Entries taken from a collection:
..........
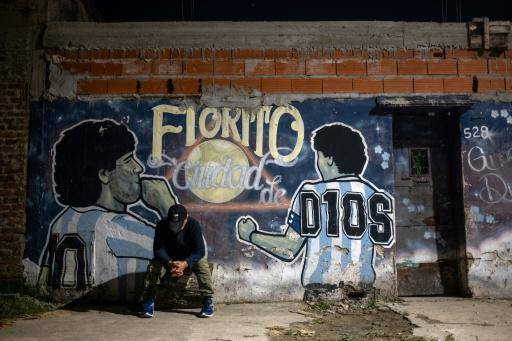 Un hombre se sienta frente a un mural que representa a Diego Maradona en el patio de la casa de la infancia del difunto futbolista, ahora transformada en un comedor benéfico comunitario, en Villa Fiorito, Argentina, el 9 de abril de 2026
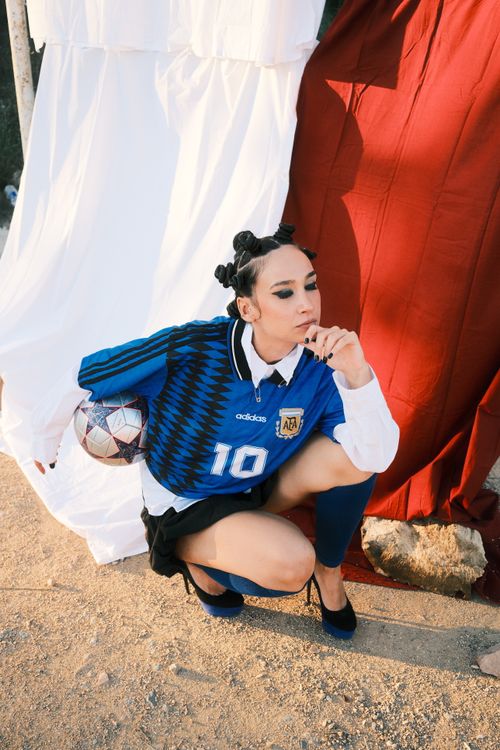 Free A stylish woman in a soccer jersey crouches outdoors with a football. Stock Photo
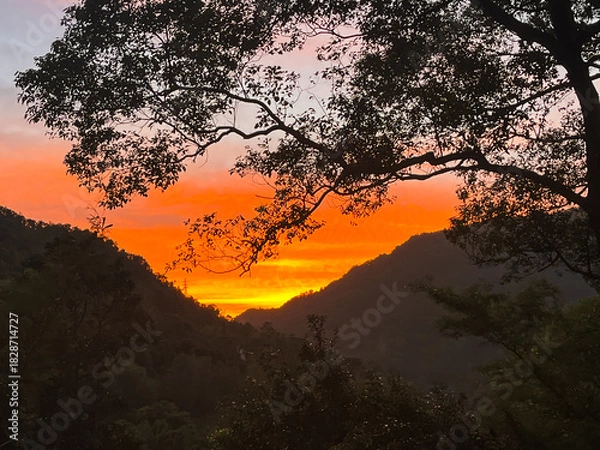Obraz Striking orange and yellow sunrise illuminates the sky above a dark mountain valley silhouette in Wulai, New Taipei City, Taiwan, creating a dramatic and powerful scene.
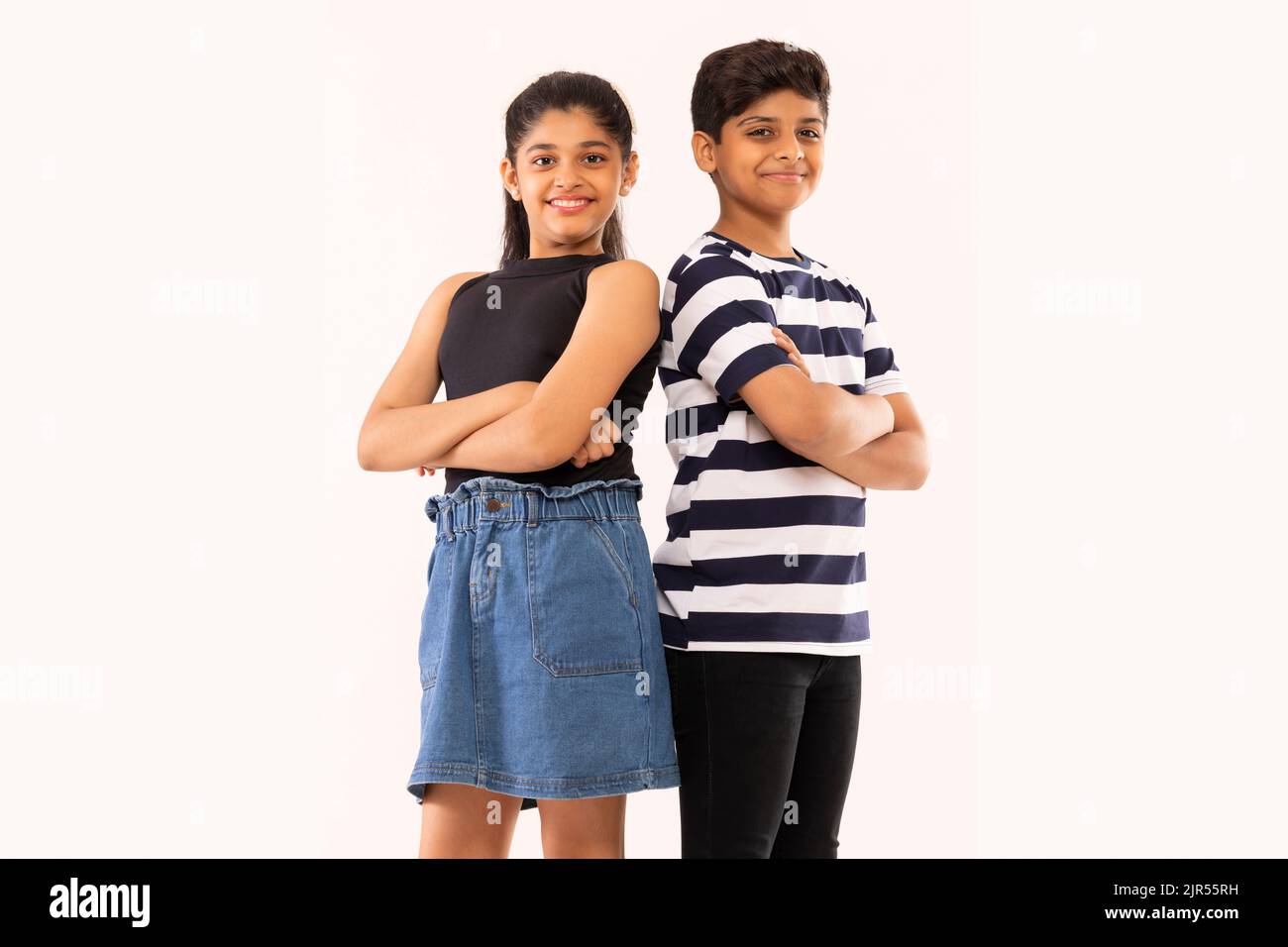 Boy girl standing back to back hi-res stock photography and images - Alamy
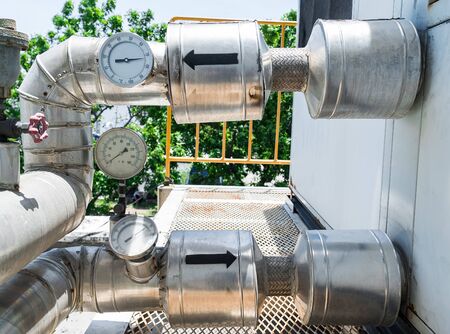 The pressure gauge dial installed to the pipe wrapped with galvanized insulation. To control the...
..........
*About this exercise*:
Give back the data verbatim. The pictures are not part of the copy.

*Result of the task*:
 Un hombre se sienta frente a un mural que representa a Diego Maradona en el patio de la casa de la infancia del difunto futbolista, ahora transformada en un comedor benéfico comunitario, en Villa Fiorito, Argentina, el 9 de abril de 2026
 Free A stylish woman in a soccer jersey crouches outdoors with a football. Stock Photo
Obraz Striking orange and yellow sunrise illuminates the sky above a dark mountain valley silhouette in Wulai, New Taipei City, Taiwan, creating a dramatic and powerful scene.
 Boy girl standing back to back hi-res stock photography and images - Alamy
 The pressure gauge dial installed to the pipe wrapped with galvanized insulation. To control the...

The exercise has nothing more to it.